Calcium Indicators With Fluorescence Lifetime-Based Signal Readout: a Structure-Function Study

Abstract

The calcium cation is a crucial signaling molecule involved in numerous cellular pathways. Beyond its role as a messenger or modulator in intracellular cascades, calcium's function in excitable cells, including nerve impulse transmission, is remarkable. The central role of calcium in nervous activity has driven the rapid development of fluorescent techniques for monitoring this cation in living cells. Specifically, genetically encoded calcium indicators (GECIs) are the most in-demand molecular tools in their class. In this work, we address two issues of calcium imaging by designing indicators based on the successful GCaMP6 backbone and the fluorescent protein BrUSLEE. The first indicator variant (GCaMP6s-BrUS), with a reduced, calcium-insensitive fluorescence lifetime, has potential in monitoring calcium dynamics with a high temporal resolution in combination with advanced microscopy techniques, such as light beads microscopy, where the fluorescence lifetime limits acquisition speed. Conversely, the second variant (GCaMP6s-BrUS-145), with a flexible, calcium-sensitive fluorescence lifetime, is relevant for static measurements, particularly for determining absolute calcium concentration values using fluorescence lifetime imaging microscopy (FLIM).

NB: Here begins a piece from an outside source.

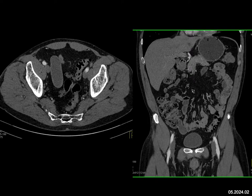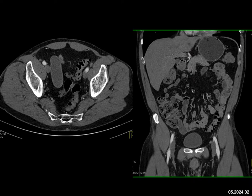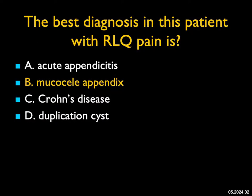This is not Crohn's disease — the bowel looks okay. This is not a duplication cyst, though they can rarely occur off the terminal ileum. Most likely, this is the classic appearance of a mucocele of the appendix. Remember, these can rupture and give you pseudomyxoma peritonei. It's a very important diagnosis to make.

To identify the structural determinants of calcium sensitivity in these indicator variants, we determine their spatial structures. A comparative structural analysis allowed the optimization of the GCaMP6s-BrUS construct, resulting in an indicator variant combining calcium-sensitive behavior in the time domain and enhanced molecular brightness. Our data may serve as a starting point for further engineering efforts towards improved GECI variants with fine-tuned fluorescence lifetimes.